Hawkish signs from the Fed
Chart of the Day
The Fed delivered a hawkish message on Friday, as vice-chair Clarida said the central bank could discuss accelerating the pace of its tapering in response to the further sharp rise in inflation in recent months. If the Fed took some an approach, it would open the door to interest rates being increased sooner than the Fed currently signals. In response, there was a big upward move in the 5-year yield on Friday of 11 bp. It is still very low though, so if the Fed continues to move in this direction there could be further large increases in real yields to come. That could have some big effects on markets, especially for the USD, bonds and growth stocks.
In the UK, retail sales rose by 0.9% MoM in October, which pulled the annual growth rate to -1.8% YoY. UK consumer confidence there is looking pretty weak.

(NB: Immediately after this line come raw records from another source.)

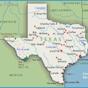 amarillo Texas On Map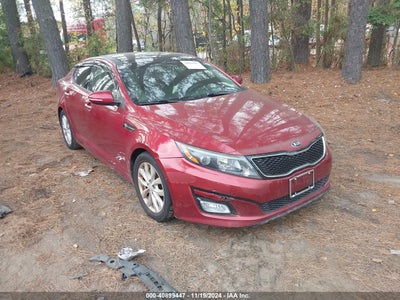 KIA OPTIMA 2015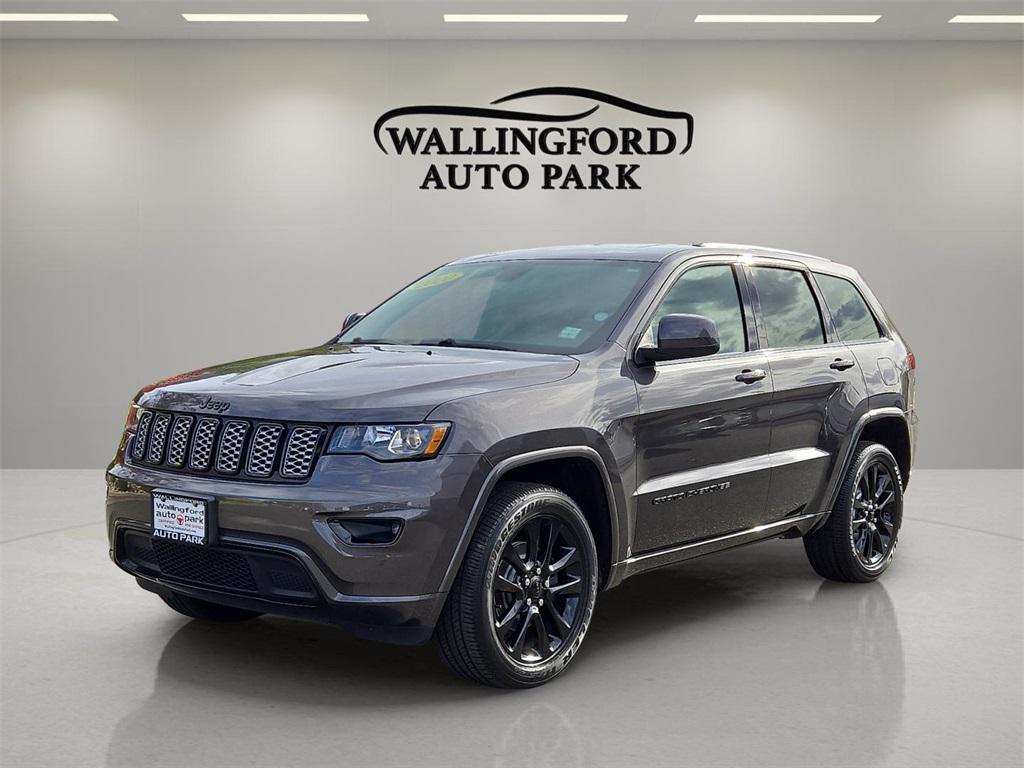used 2020 Jeep Grand Cherokee car, priced at $29,977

Despite the rise in the real yield, the nominal 5-year yield barely budged on Friday, and longer-term yields fell. Markets are saying that, if the Fed acts to increase real yields, that should have a big impact on bringing down inflation - but could markets be wrong about that? The 1970s showed us that once inflation gets out of hand, it takes more than a few small rate hikes to get it under control agian.

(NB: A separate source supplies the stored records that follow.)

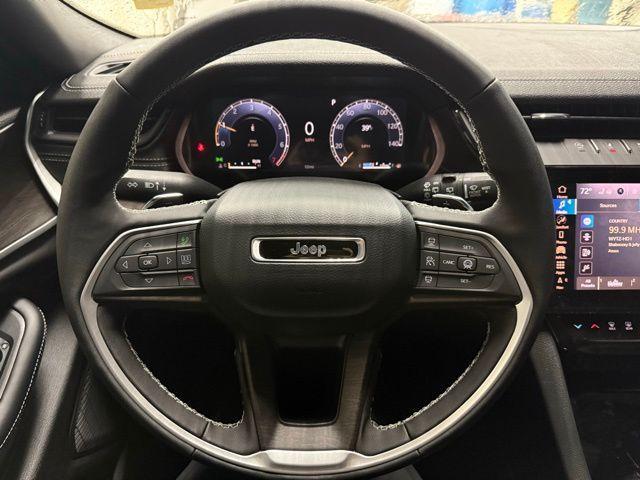 new 2026 Jeep Grand Cherokee car, priced at $47,393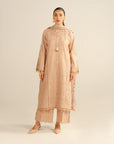 3 Piece Embroidered Lawn Suit Unstitched - 26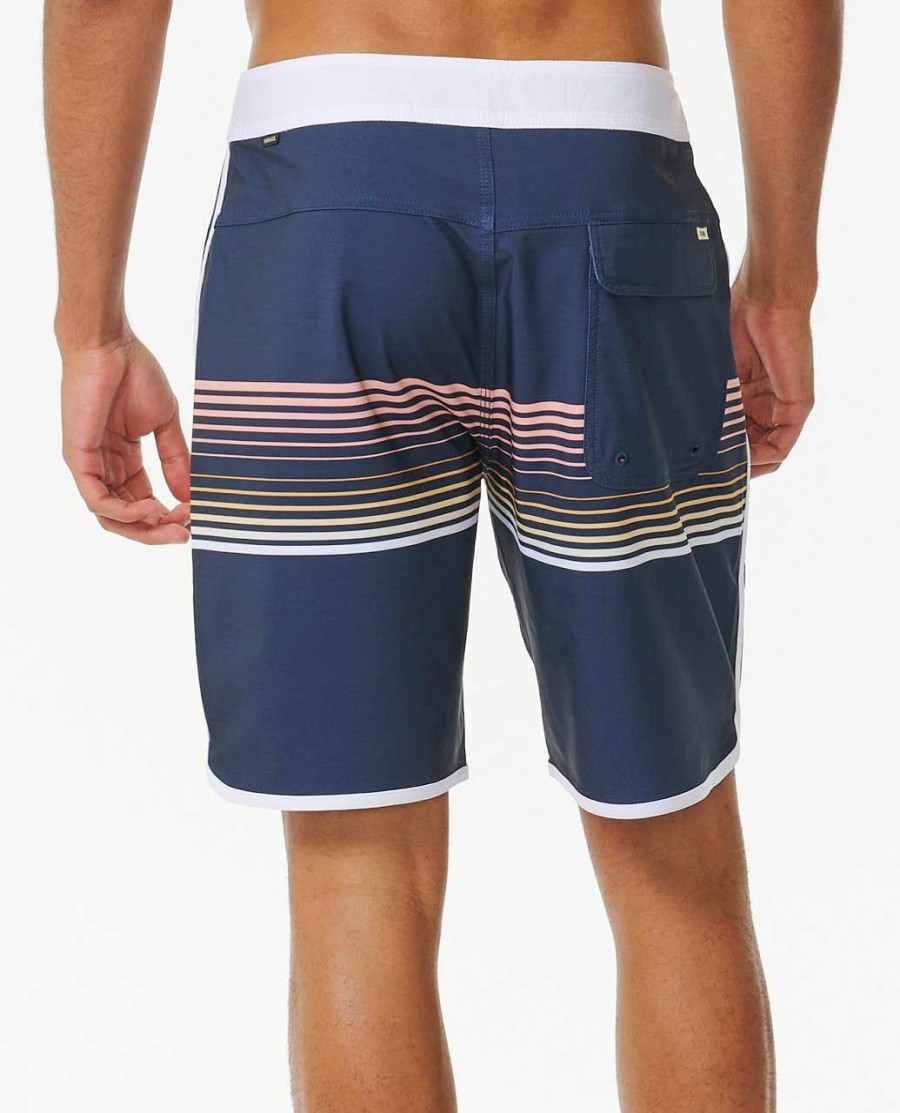 Men * | Limit Offer Mirage Surf Revival 19 Boardshorts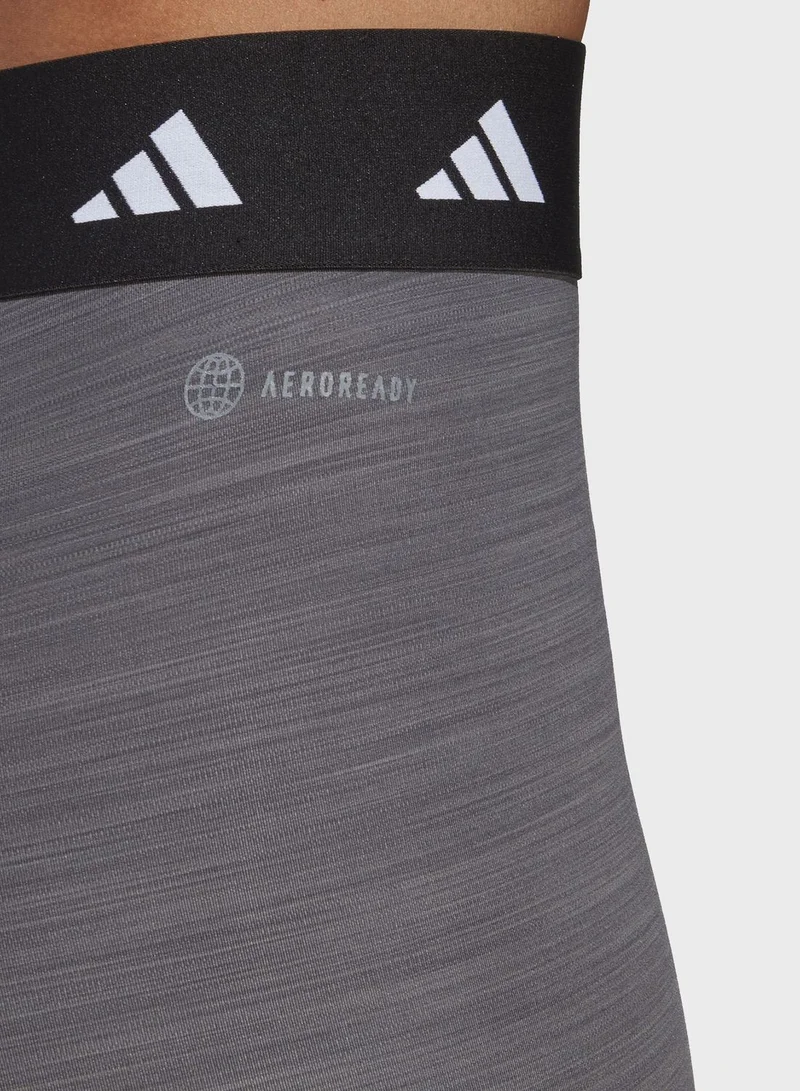 Adidas Techfit 3-Stripes Leggings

Investor positioning on 10-year and 30-year year bonds has now switched, with traders betting against 10-year bonds - i.e. looking for yields to rise - while no longer betting against 30-year bonds. Put differently, investors no longer expect the yield curve to steepen, but rather flatten.

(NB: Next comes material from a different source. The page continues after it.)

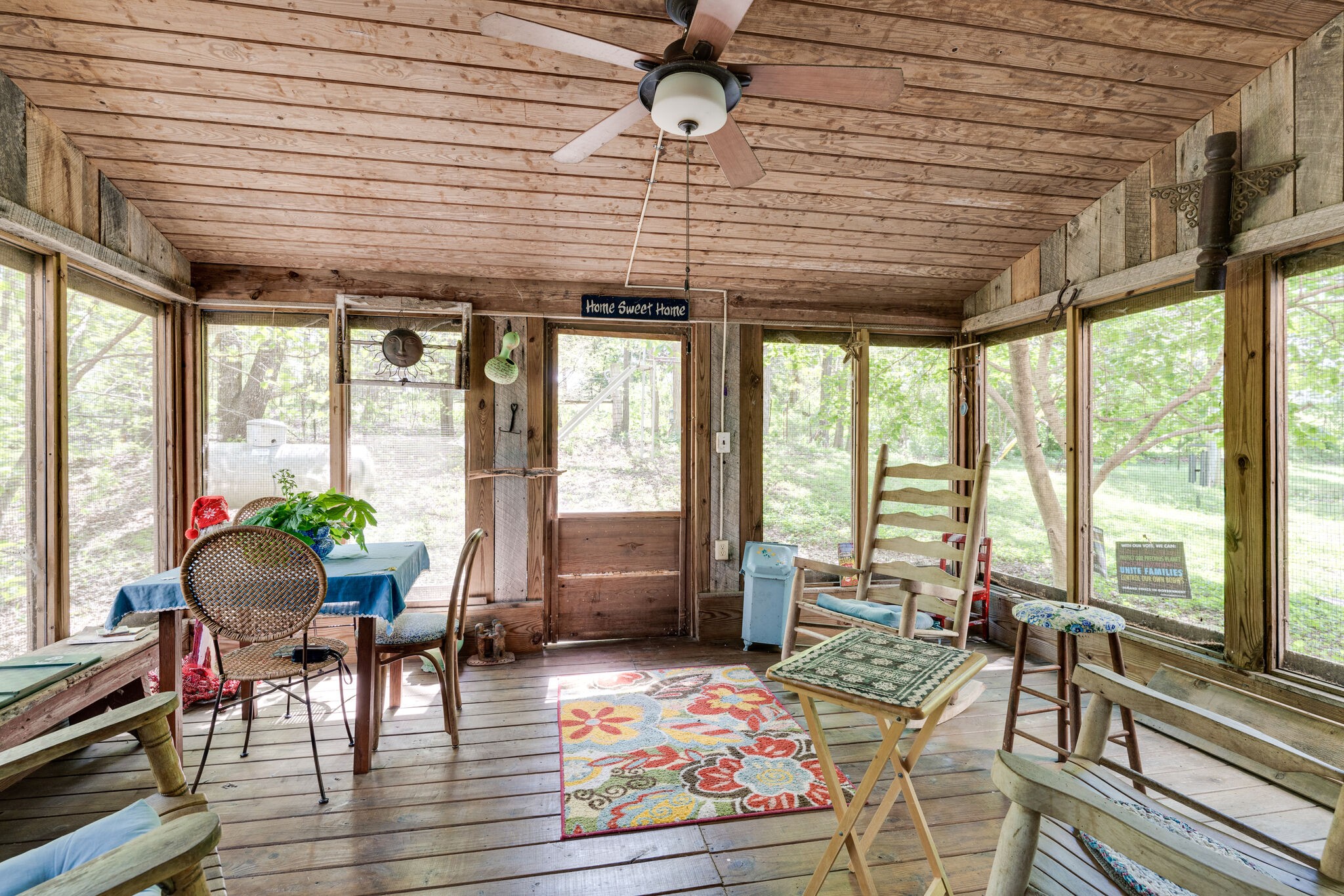 2729 Gideon Road Greenbrier, TN 37073 - Photo 26 of 30 a living room with furniture and wooden floor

The rise in the real US yield put further downward pressure on the euro, which is now below $1.13.
Following the pullback a few weeks ago, USD net longs are rising again - investors betting on more dollar strength in other words.
Even excluding the lira, the dollar has already appreciated strongly against several currencies this past month.
Oil prices has a bad week last week amid, while lumber is now rising rapidly.
The weakness in copper didn’t last long, as it bounced off its 200-day moving average.